Welcome back my friends. It’s time for a session on technical search engine optimization which means if you hear whining from where you are, don’t worry, that’s just me trying to keep up and understand what they’re saying. Sign. Why do I do this to myself? I have no idea.
Up on stage we have Vanessa Fox moderating friends Greg Boser, Jonathan Hochman, Todd Nemet, and Brian Ussery. Hello, all. Oh, it seems Vanessa is also presenting. And she’s deciding she’s going first. She brings up her slides and notices she’s spelled her own name wrong on her Twitter account. Technology, 1; Vanessa, 0.

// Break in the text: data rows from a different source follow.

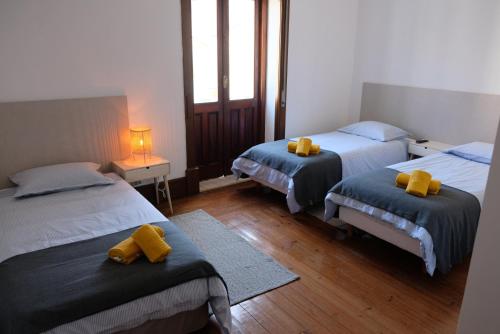 um quarto com 2 camas com toalhas amarelas em Yellow Inn Aveiro em Aveiro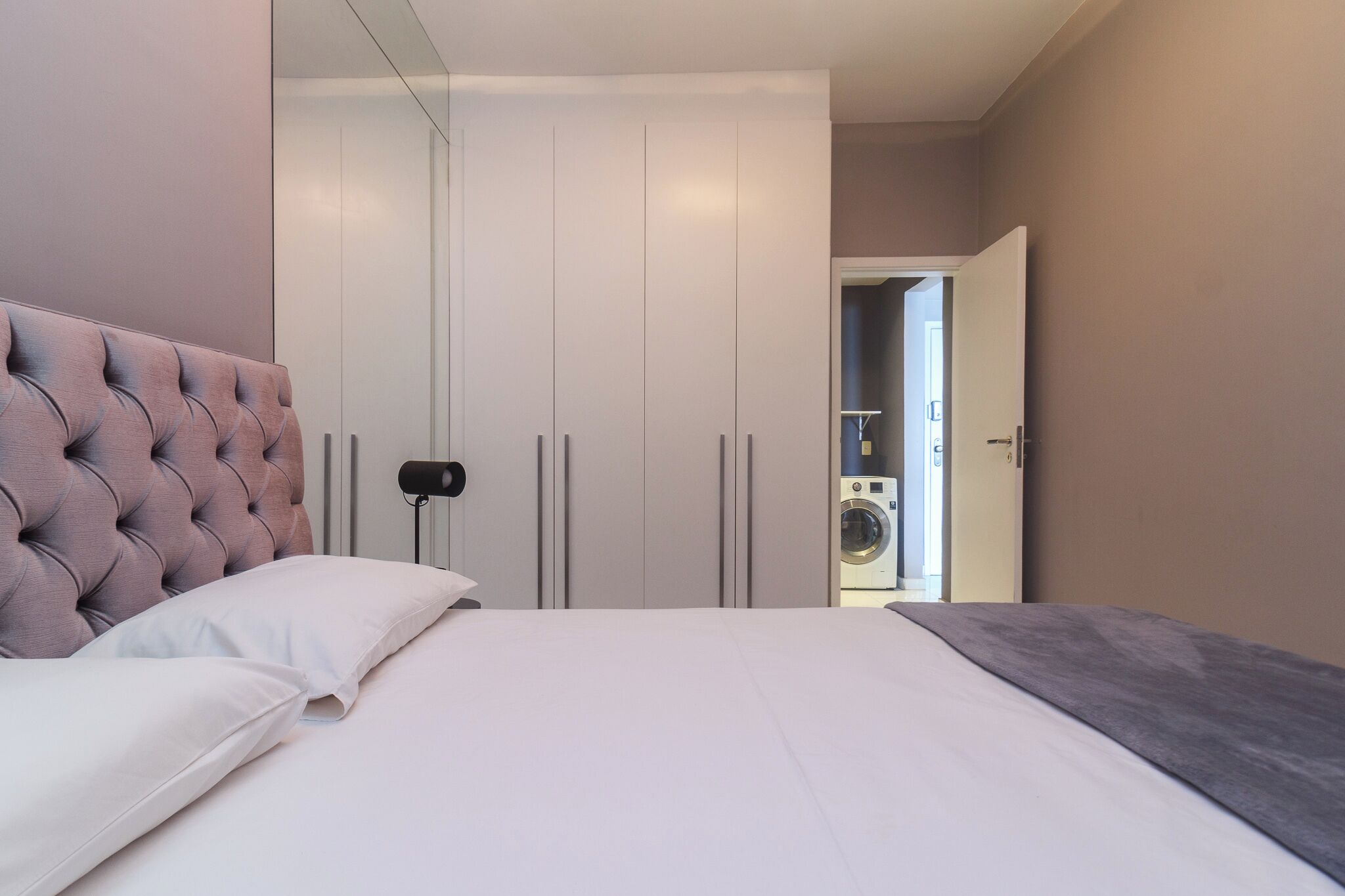 Un dormitorio con una cama grande, cabecera tapizada, armario con múltiples puertas y una lavadora al fondo.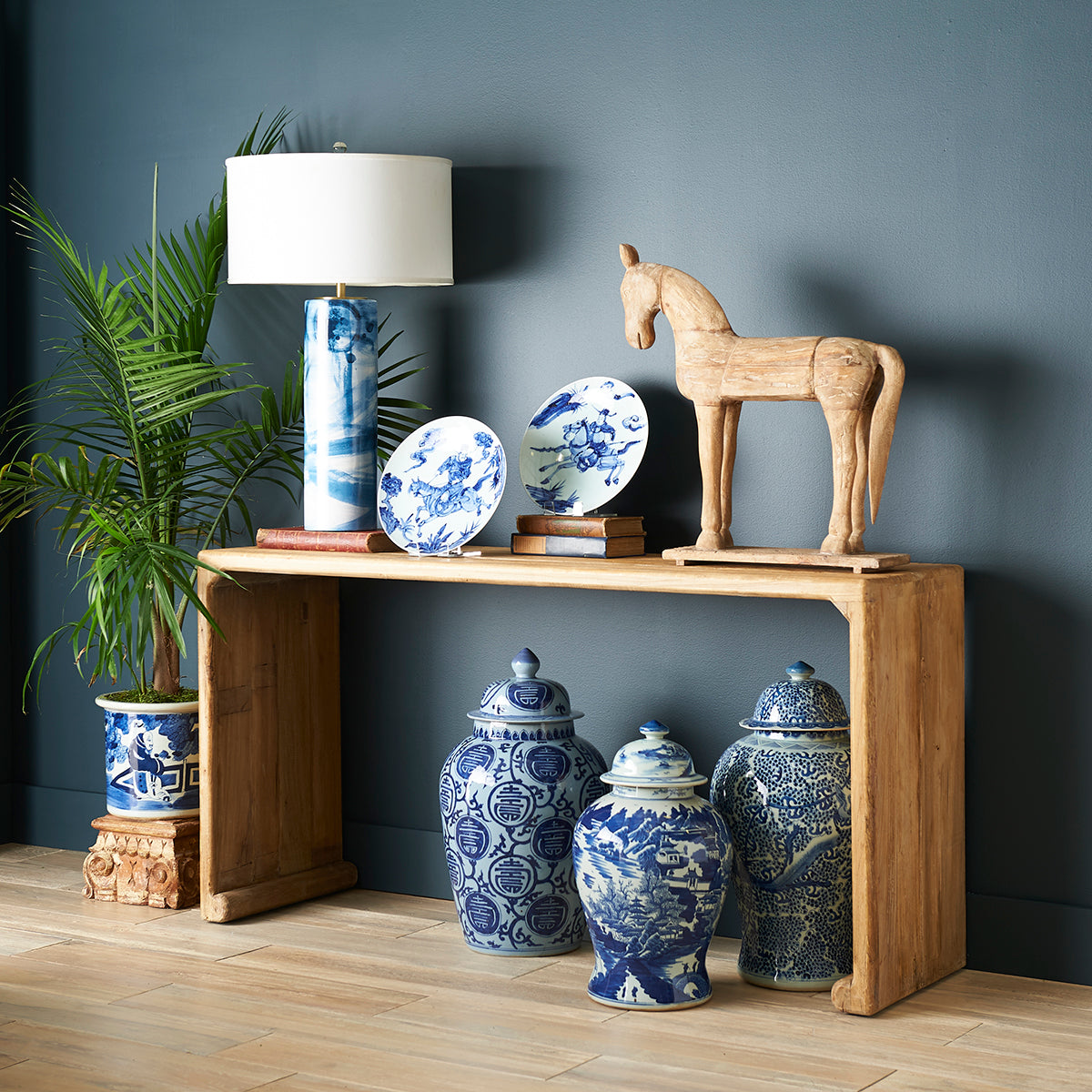 Rustic Console Table – Styled with blue porcelain, books, lamp, wooden horse.
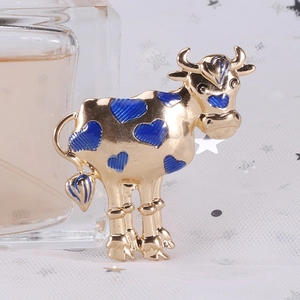 Detail of creative ox brooch featuring gold-plated alloy and blue heart enamel patterns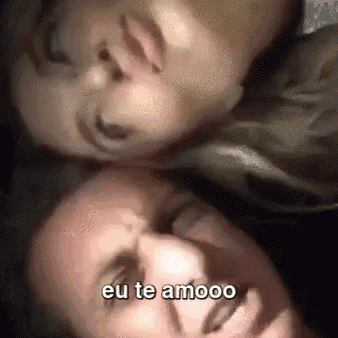a man and a woman are laying on top of each other and the woman is kissing the man 's forehead .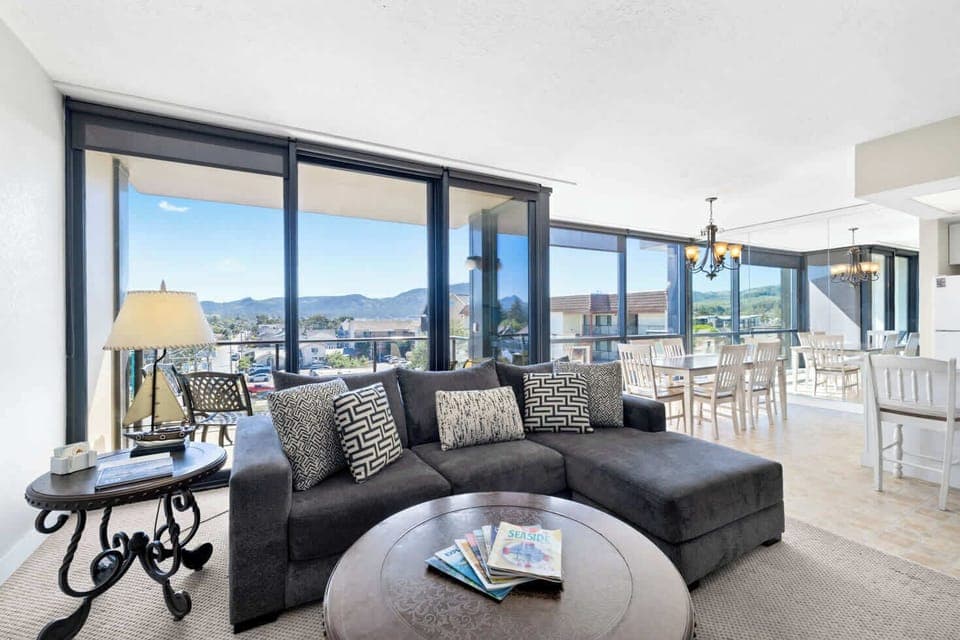 Gather and connect! Open living area flows into dining, perfect for socializing and enjoying the views.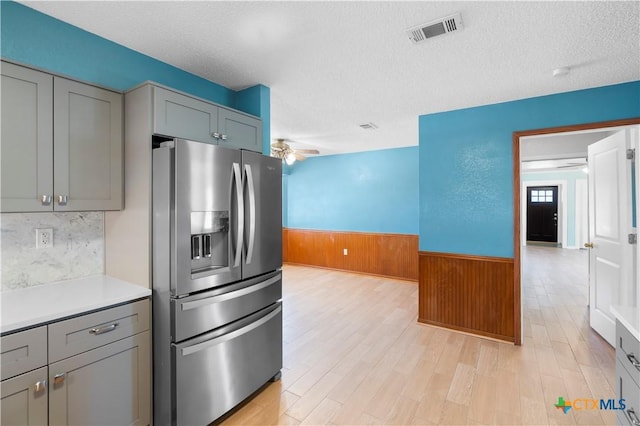 kitchen featuring a textured ceiling, a wainscoted wall, visible vents, gray cabinets, and stainless steel fridge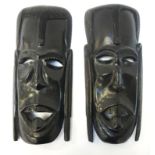 PAIR OF AFRICAN EBONISED TRIBAL MASKS depicting warriors, with cut out eyes and mouth, each 31cm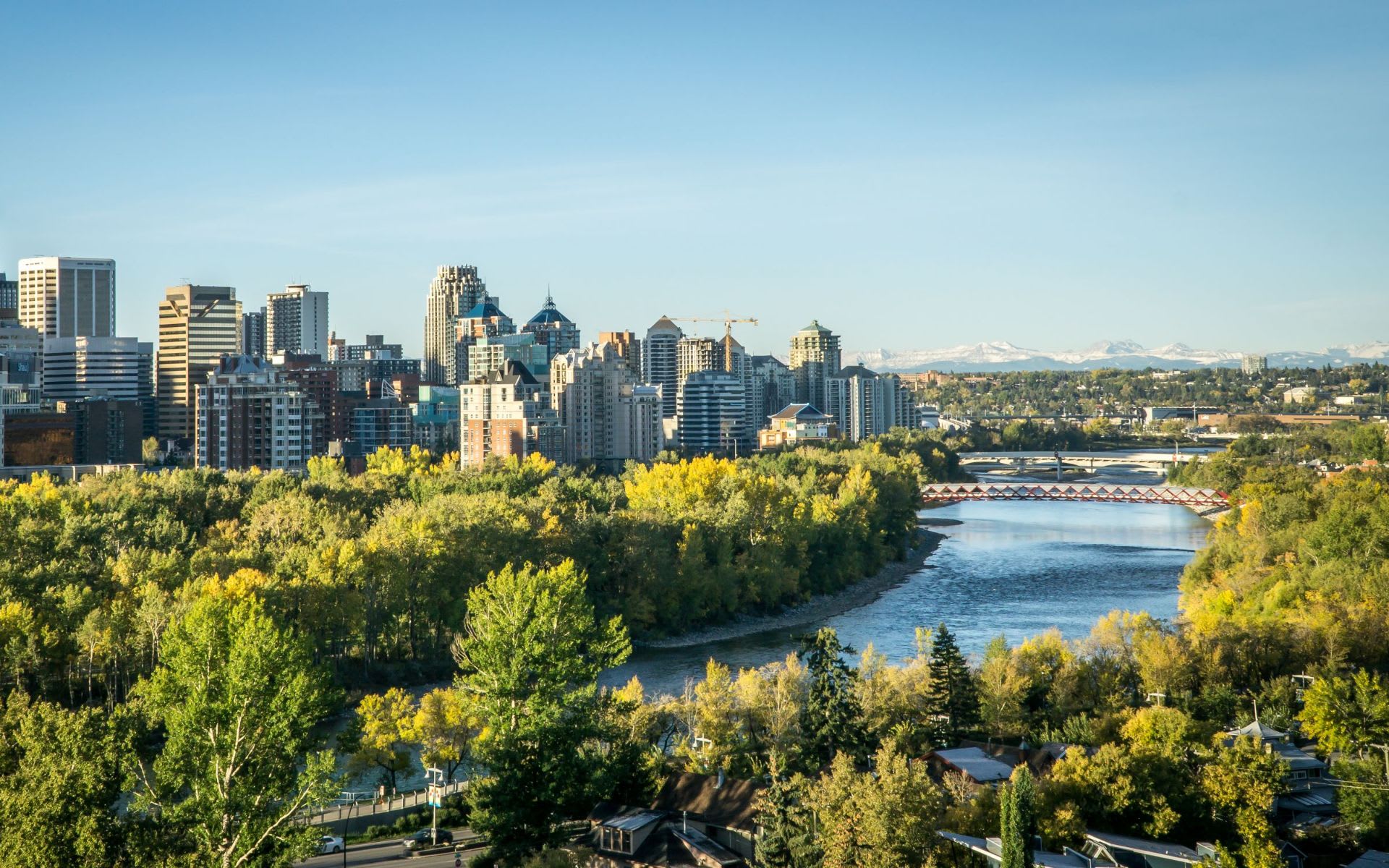 A city skyline with a river in the foreground and trees lining the riverbank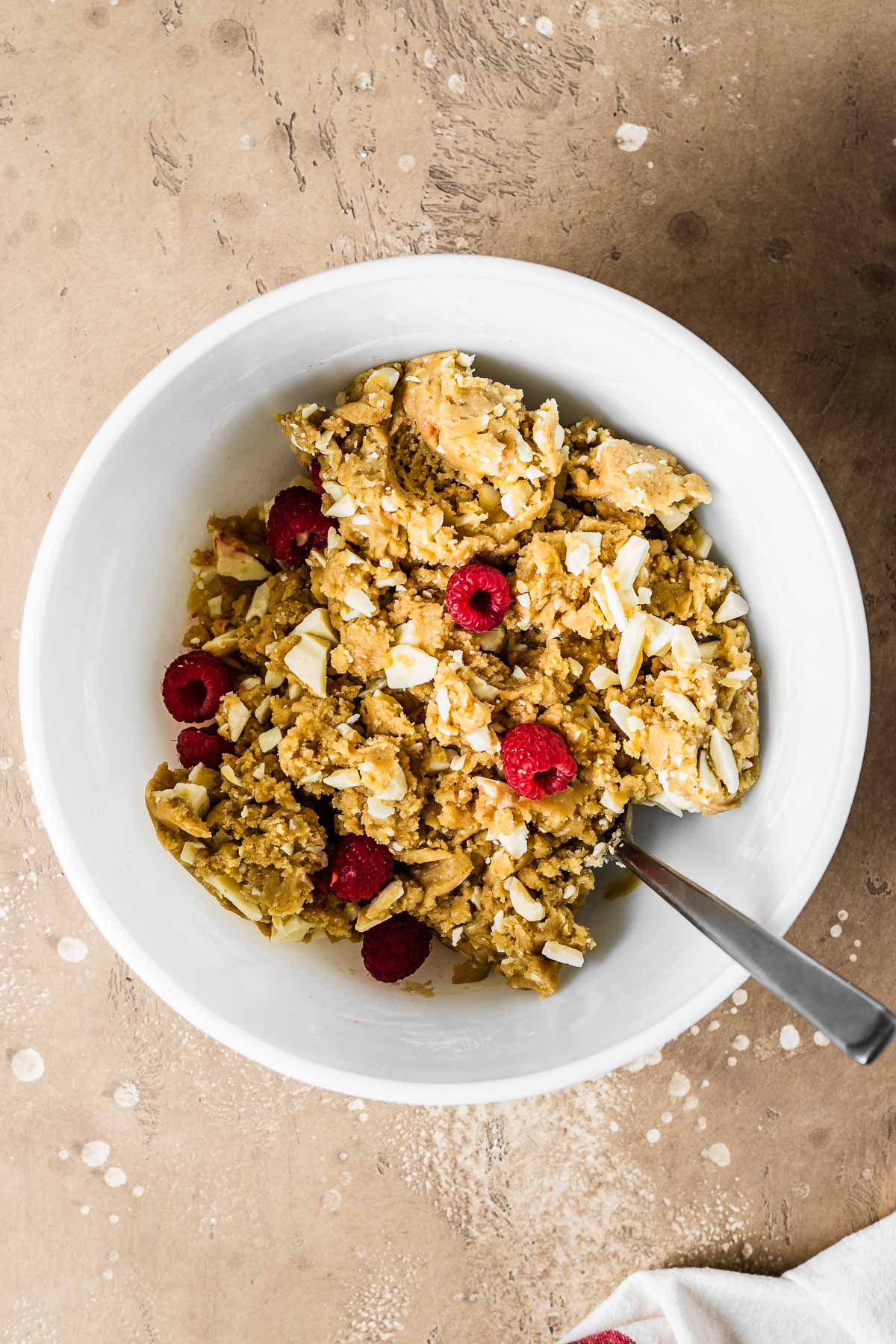 Raspberry and white chocolate blondie dough in a mixing bowl.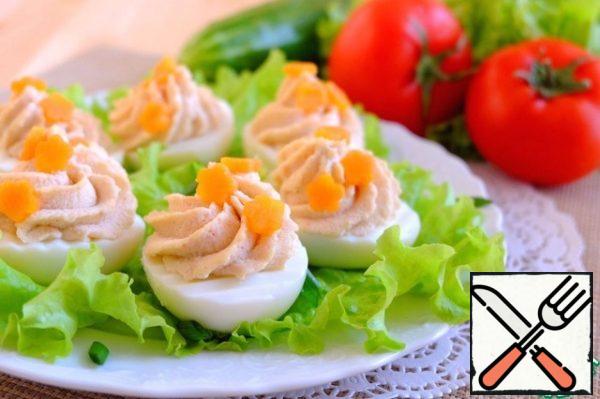 Fill the egg halves with the prepared cream. Boil the carrots, cut out the flowers with a curly cutting. Decorate the appetizer with carrot flowers. Place the appetizer on a platter with lettuce leaves. Sprinkle with green onions.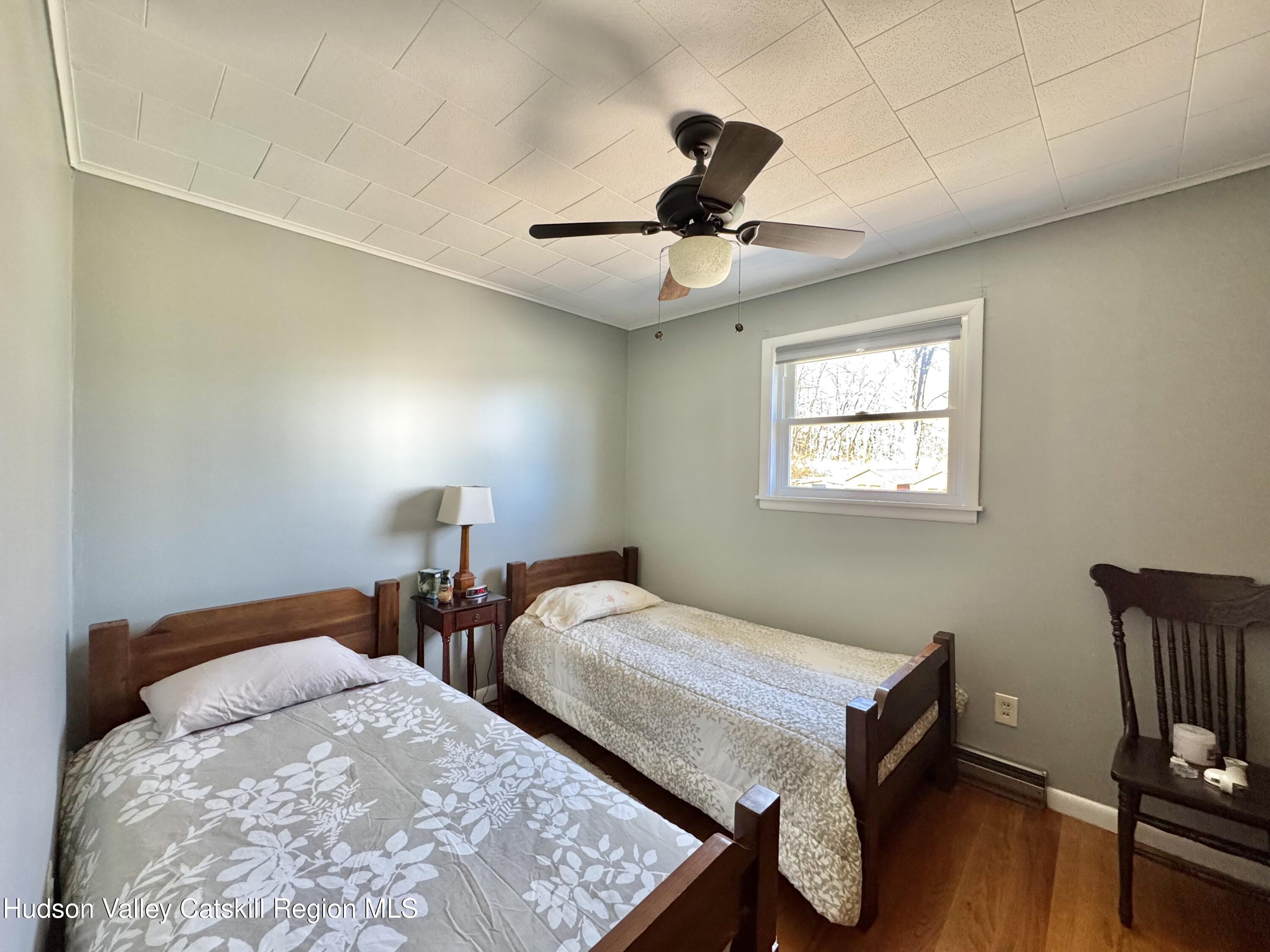 6339-6347 Highway 32 Catskill, NY 12413 - Photo 11 of 35 a bedroom with two beds and a desk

The Importance of Technical SEO: A Case Study
We’re going back to a site Vanessa analyzed at SMX East back in October. There’s lots of code showing Googlebot unsuccessfully trying to fetch site maps. A large percentage of their crawl allotment was spent trying to crawl site maps so there wasn’t much time left over to crawl the URLs. There was no way to find this out other than through the server logs. Because their site has a dynamic set up, every one of their site maps changed all the time because you’re always adding new listings, causing the bots to keep fetching. To fix this they built static sitemaps for everything that stayed the same.
A new site analysis was done yesterday and found that Google can now fetch the actual listings on the site. Yey. Progress. In October 2010, Google spent 27 percent of their time crawling site maps. In March 2011, they spent just .05 percent. Their traffic has doubled. This is why SEOs and Vanessa are awesome.
Next up is Greg. He heads up organic strategy at BlueGlass. This is the first time I’ve ever seen Greg B0ser deliver a PowerPoint presentation. I can’t even process this. He swears he’s done it before. I’m not buying it.
Technical SEO: Understanding CPR
Core Concepts You Need to Understand
- Proper Prioritization is the key to success – every site has tons of things that could/should be fixed. Know where to start.
- Proper top-level analysis is critical – in order to properly prioritize, you need to have a thorough understanding of the “big picture” before you start.
- Google is no longer “page” focused – The days of Google determining what will or won’t rank primarily based on page-level analysis are gone. Overall content performance is the key. Google is looking at your site as a whole, so YOU need to start looking at your site that way, too.
Content Performance Ratios (CPR)
Taking the time to understand how your content is performing will help you determine where to start.
Questions you need to answer:
- What is the ratio between total pages indexed and the total number of pages generating current organic traffic?
- How do those numbers break down based on landing page type and content topic?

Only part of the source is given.